:: Aim of the task ::
Your output should be exactly the lines from the one containing "Plastic Chili Pepper Beaded Necklaces" through the last line of the listing, and nothing else. Pictures stay out.

————

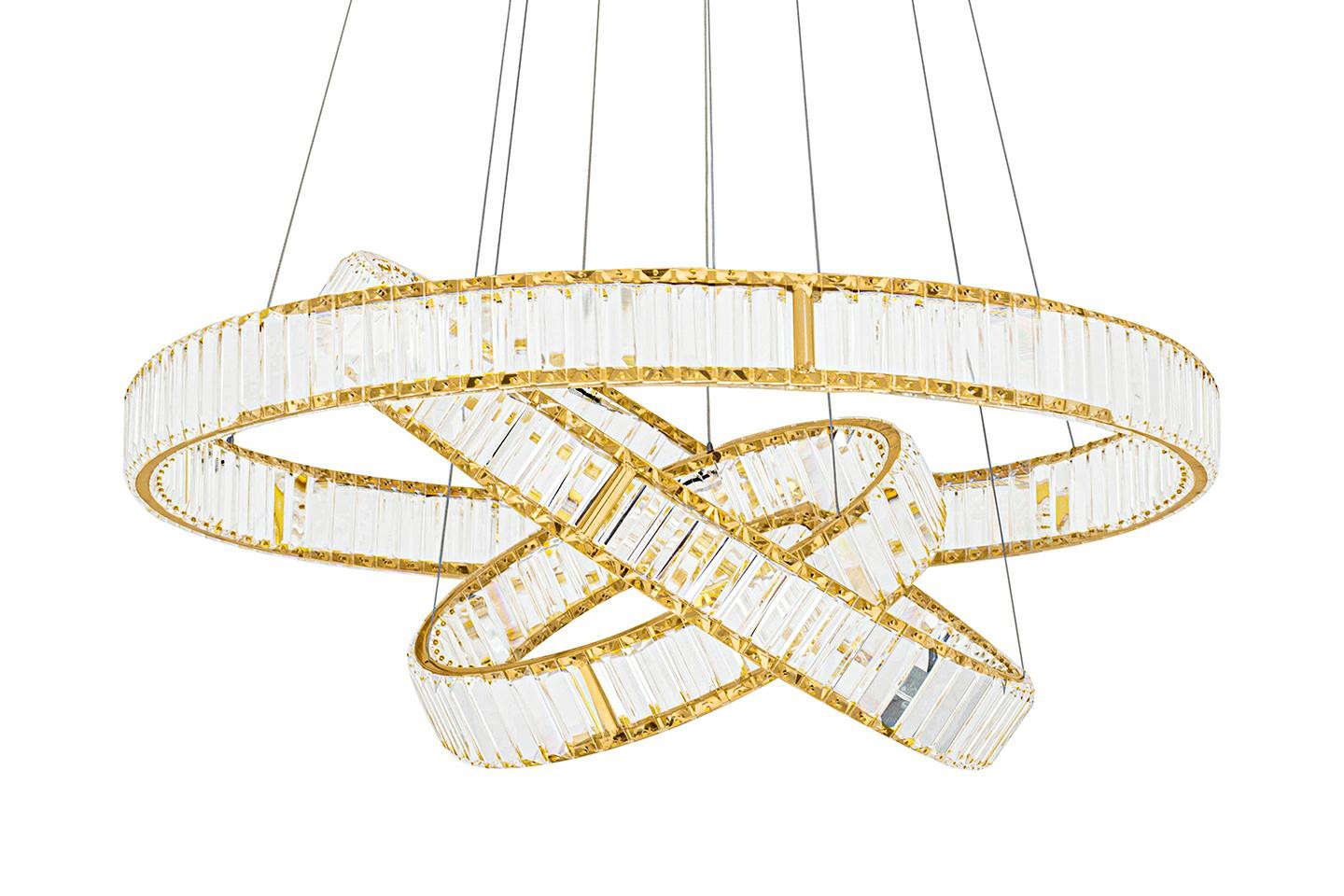 MOOSEE lampa wisząca LIBERTY TRIPLES złota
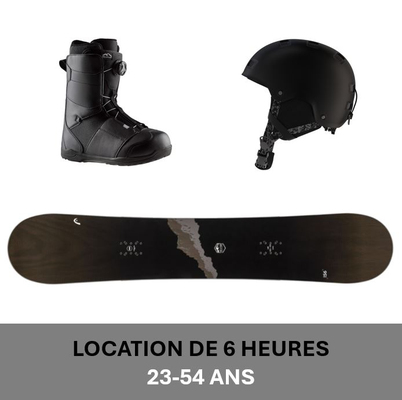 Équipement complet de planche à neige - 6 heures, 23-54 ans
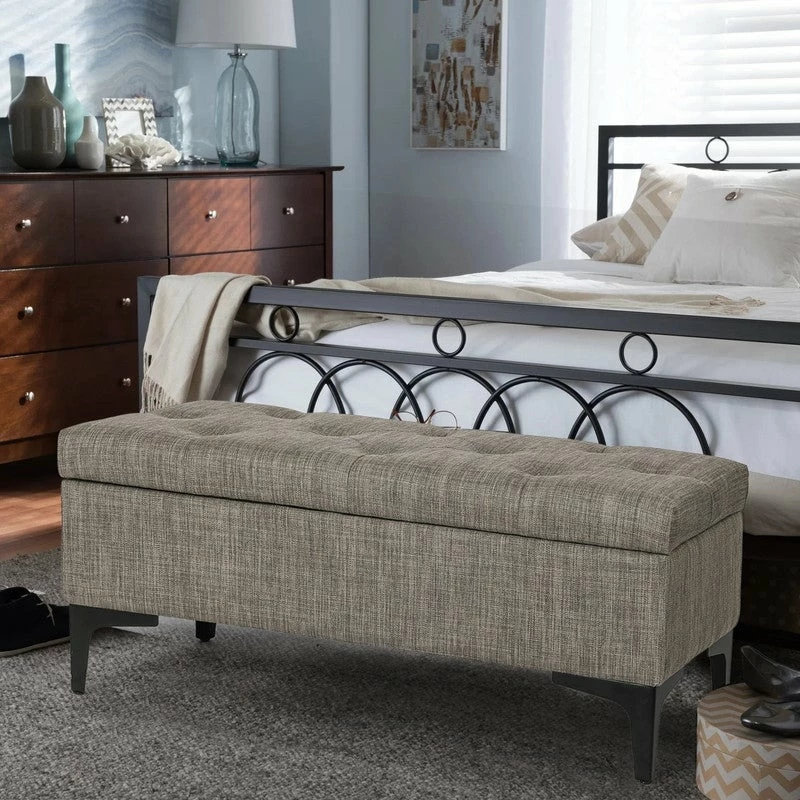 Best reviews of ๐ Adeco Tufted Ottoman With Storage Upholstered Bench Metal Leg Light Grey ๐คฉ 13 Best reviews of ๐ Adeco Tufted Ottoman With Storage Upholstered Bench Metal Leg Light Grey ๐คฉ - Image 11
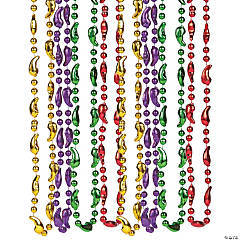 Plastic Chili Pepper Beaded Necklaces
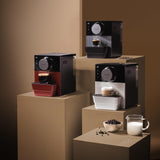 Cecotec Cremmaet Cube Kompakt-Espressomaschine, 1350 W, Presssystem 10 g, Vorinfusionssystem, 19 bar, Thermoblock-System, 5 Mahleinstellungen, Touch-Bedienfeld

————

:: The answer ::
 Plastic Chili Pepper Beaded Necklaces
 Cecotec Cremmaet Cube Kompakt-Espressomaschine, 1350 W, Presssystem 10 g, Vorinfusionssystem, 19 bar, Thermoblock-System, 5 Mahleinstellungen, Touch-Bedienfeld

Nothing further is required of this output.